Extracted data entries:
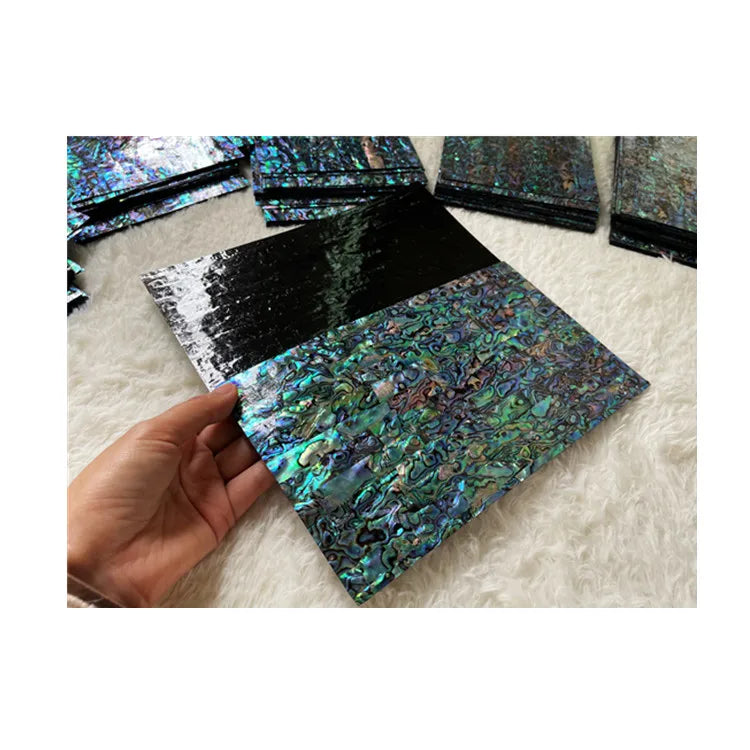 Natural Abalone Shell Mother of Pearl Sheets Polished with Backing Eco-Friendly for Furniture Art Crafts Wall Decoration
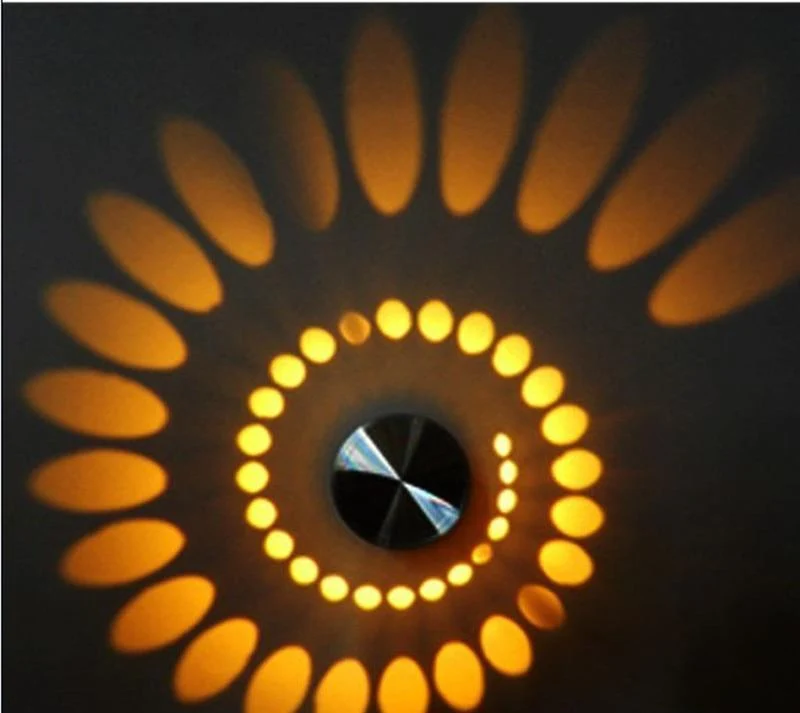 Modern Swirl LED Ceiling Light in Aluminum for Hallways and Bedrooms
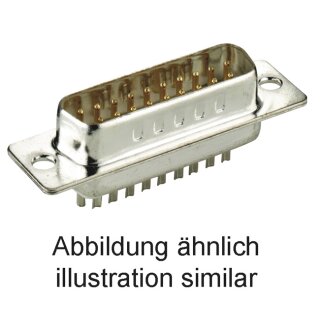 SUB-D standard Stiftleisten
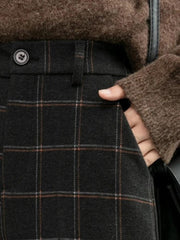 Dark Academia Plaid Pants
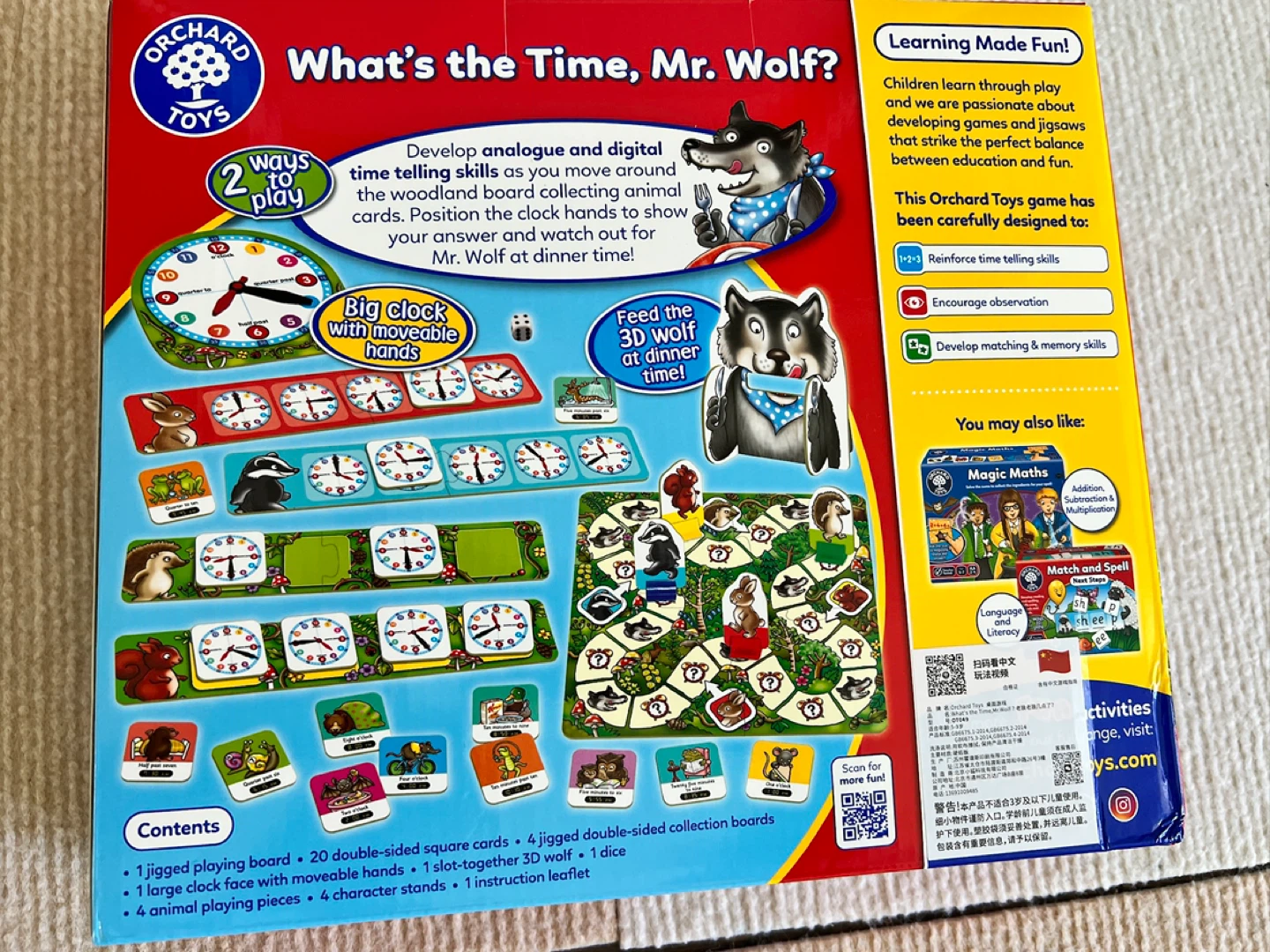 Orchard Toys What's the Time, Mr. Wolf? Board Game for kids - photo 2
--
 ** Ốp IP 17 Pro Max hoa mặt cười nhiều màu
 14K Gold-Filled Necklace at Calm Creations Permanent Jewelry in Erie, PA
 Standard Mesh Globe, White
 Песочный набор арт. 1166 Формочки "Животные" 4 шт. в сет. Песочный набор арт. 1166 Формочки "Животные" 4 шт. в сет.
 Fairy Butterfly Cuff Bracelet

• WHAT IS NEEDED: Of all the entries above, output exactly the lines between the one holding "Standard Mesh Globe, White" and the one holding "Fairy Butterfly Cuff Bracelet", inclusive.

• SOLUTION FOR THIS PROBLEM:
 Standard Mesh Globe, White
 Песочный набор арт. 1166 Формочки "Животные" 4 шт. в сет. Песочный набор арт. 1166 Формочки "Животные" 4 шт. в сет.
 Fairy Butterfly Cuff Bracelet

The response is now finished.